El vino cayendo en la copa. El lápiz rasgando el papel. Las caricias de un viento triste. El silencioso grito de la nostalgia. Y un flamenco de castañuelas rotas.

Arropada en ritmos así, me atrapó el anochecer… Visualizando horizontes distintos, en un trayecto de doble vía entre el dolor y la calma. Hay un canto nuevo en mi corazón, imposible de arrancar. Un reemplazo de ideas, atadas a otro lugar, lejos de mí.

Habría dado por evitarlo, hasta lo que aún no tengo.

Extranjera de mi propio cuerpo, percibo un nuevo tejido trepar la superficie de mi corazón. Es un instinto de supervivencia… Me da la fuerza que busco, para tomar las decisiones que debo, aunque ello implique un viaje indefinido a la sombra.

Es aquí donde todas nuestras historias, convergen.
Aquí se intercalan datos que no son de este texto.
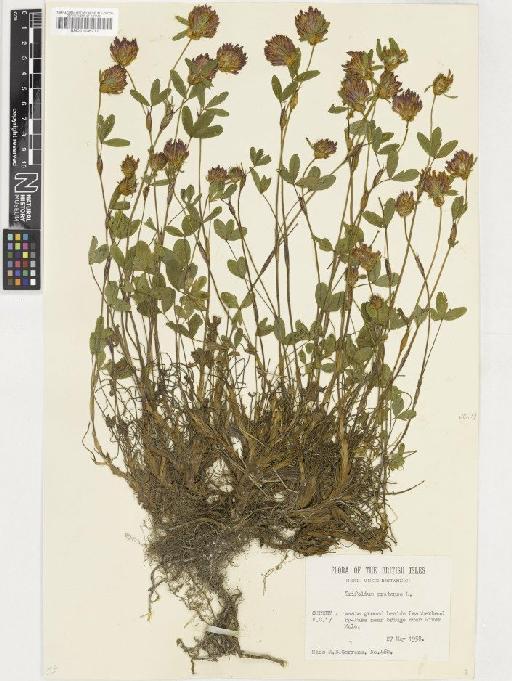 Trifolium pratense L. - BM001036711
Aunque tierras lejanas, culturas distintas, y almas aisladas nos separen, en algún momento de nuestras vidas, cada uno de nosotros abrazará la oportunidad de un nuevo comienzo, o necesitará refugio en el olvido.

Nada impide que en el transcurso de nuestra existencia, llegue el momento de aceptar un desafío, de correr peligro, ser susceptible. Aceptar la realidad de que somos, a pesar de nosotros mismos, frágiles e indefensos, y que no podemos evitarlo.

Es una de las cláusulas en el contrato de estar vivo.

Así que, con una sonrisa cuajada en tibia pena, me pierdo en el sonido de esas castañuelas. Aunque rotas, esconden misterios en su palpitar… Sabidurías de otras almas, verdades elementales. Allí me refugio en este anochecer. Es la manera que tengo de redimirme… De reconciliarme con el dolor. Lo aguanto, lo educo, lo transformo.